> WORK ITEM
The material below holds pictures; leave them out and reproduce exactly the lines from the one with "Fernando Neto (Treze-PB)" through the one with "天野みじゅ👼🖥7月6日初配信's banner", inclusive.

> EXERCISE MATERIAL
=== Begin Enclosure ===

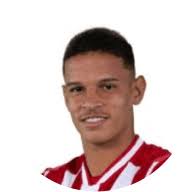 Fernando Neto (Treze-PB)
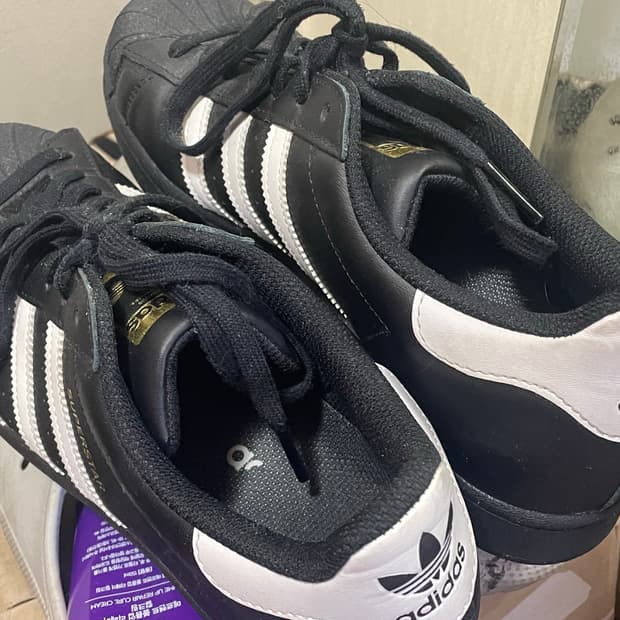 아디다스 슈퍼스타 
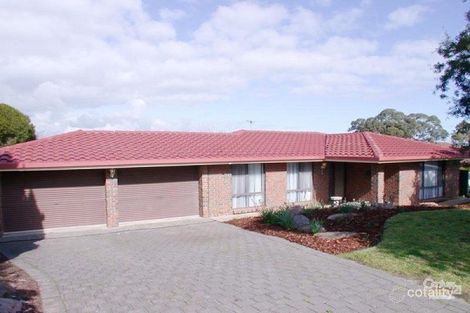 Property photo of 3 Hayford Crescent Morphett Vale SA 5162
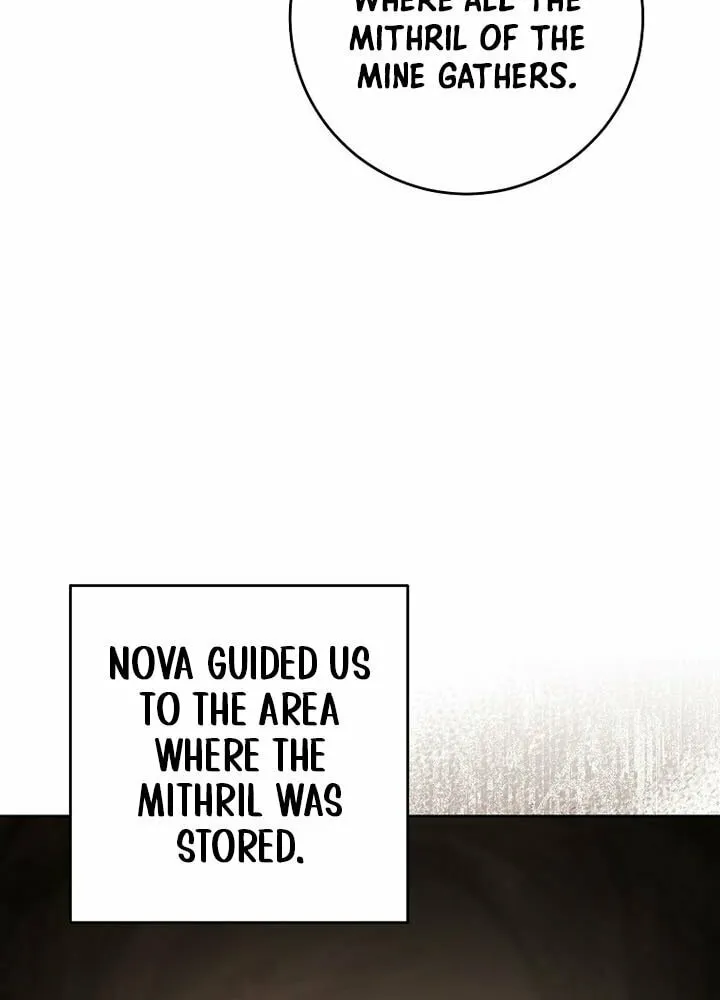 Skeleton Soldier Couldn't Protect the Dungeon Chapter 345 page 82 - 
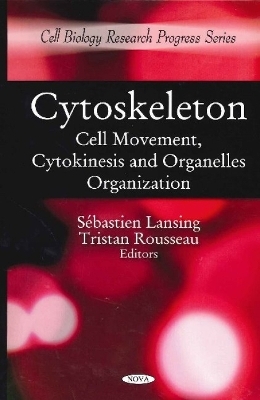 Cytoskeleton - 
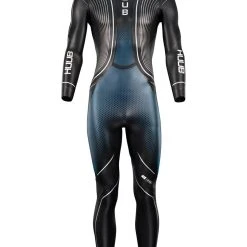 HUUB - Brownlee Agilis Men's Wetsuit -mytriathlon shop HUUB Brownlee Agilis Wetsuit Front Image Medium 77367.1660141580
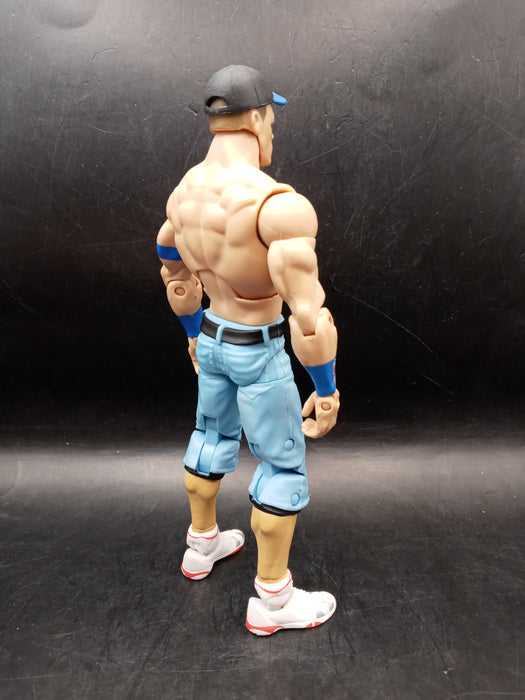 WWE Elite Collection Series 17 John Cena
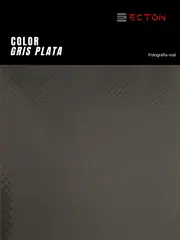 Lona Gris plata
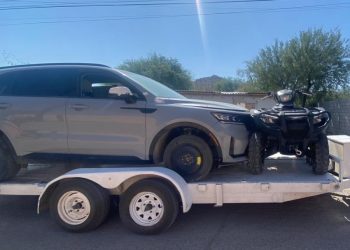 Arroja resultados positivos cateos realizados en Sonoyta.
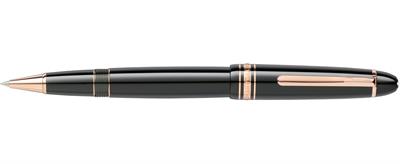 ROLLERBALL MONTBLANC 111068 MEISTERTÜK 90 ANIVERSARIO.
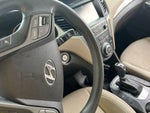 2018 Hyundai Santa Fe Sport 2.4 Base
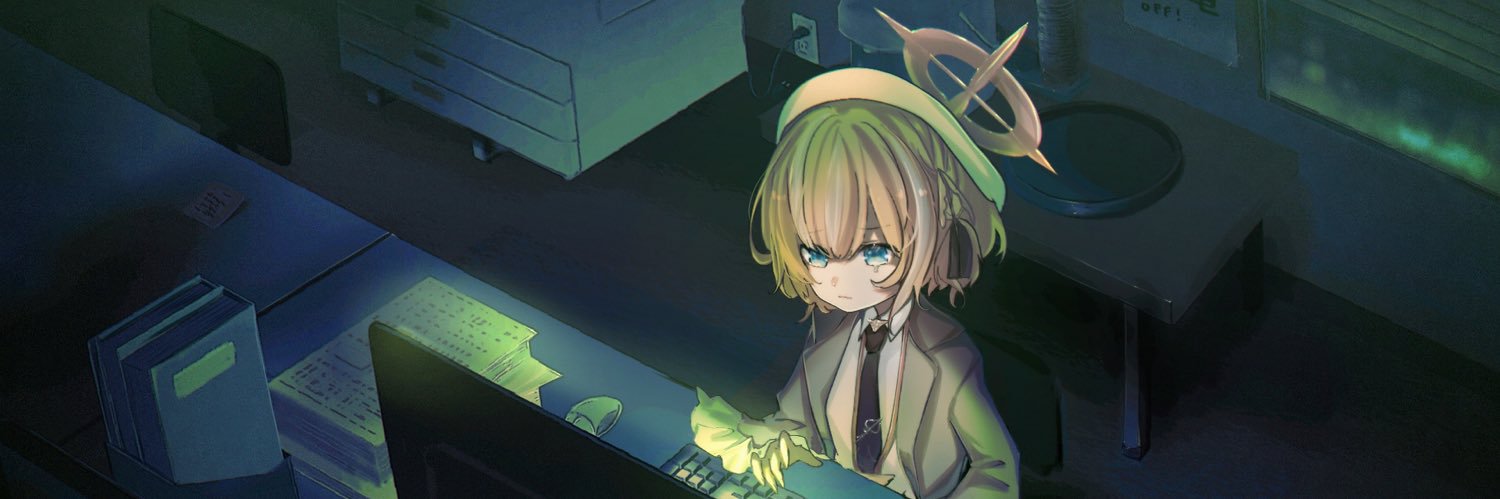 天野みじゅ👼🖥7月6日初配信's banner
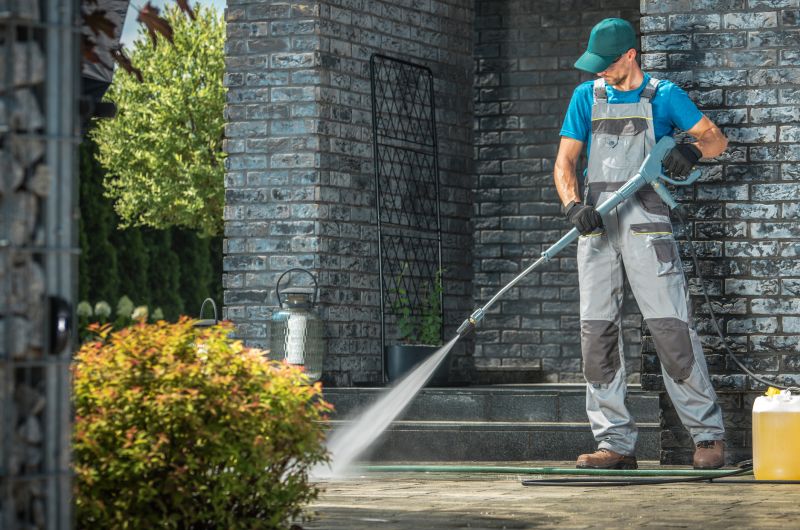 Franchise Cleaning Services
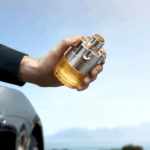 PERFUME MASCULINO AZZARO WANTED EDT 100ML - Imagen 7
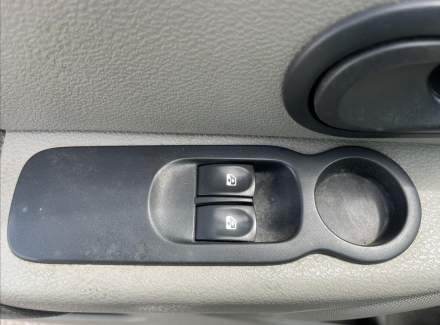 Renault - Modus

=== End Enclosure ===
=== Begin Enclosure ===

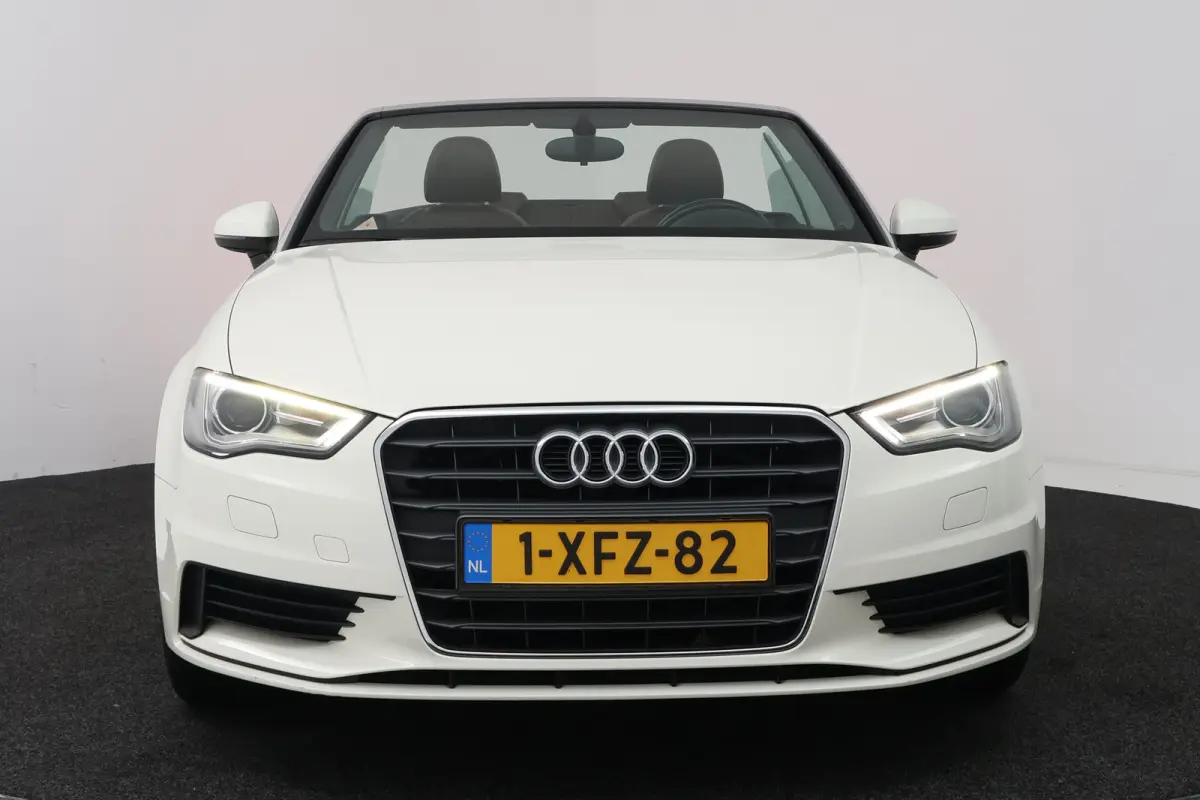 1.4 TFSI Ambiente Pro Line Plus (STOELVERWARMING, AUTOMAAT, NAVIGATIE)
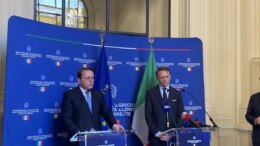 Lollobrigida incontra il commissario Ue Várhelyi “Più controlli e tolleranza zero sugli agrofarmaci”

=== End Enclosure ===
=== Begin Enclosure ===

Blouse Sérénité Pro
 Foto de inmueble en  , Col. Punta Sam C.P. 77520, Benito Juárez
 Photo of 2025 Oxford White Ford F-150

=== End Enclosure ===

> ANSWER SECTION
 Fernando Neto (Treze-PB)
 아디다스 슈퍼스타 
 Property photo of 3 Hayford Crescent Morphett Vale SA 5162
 Skeleton Soldier Couldn't Protect the Dungeon Chapter 345 page 82 - 
 Cytoskeleton - 
 HUUB - Brownlee Agilis Men's Wetsuit -mytriathlon shop HUUB Brownlee Agilis Wetsuit Front Image Medium 77367.1660141580
 WWE Elite Collection Series 17 John Cena
 Lona Gris plata
 Arroja resultados positivos cateos realizados en Sonoyta.
 ROLLERBALL MONTBLANC 111068 MEISTERTÜK 90 ANIVERSARIO.
 2018 Hyundai Santa Fe Sport 2.4 Base
 天野みじゅ👼🖥7月6日初配信's banner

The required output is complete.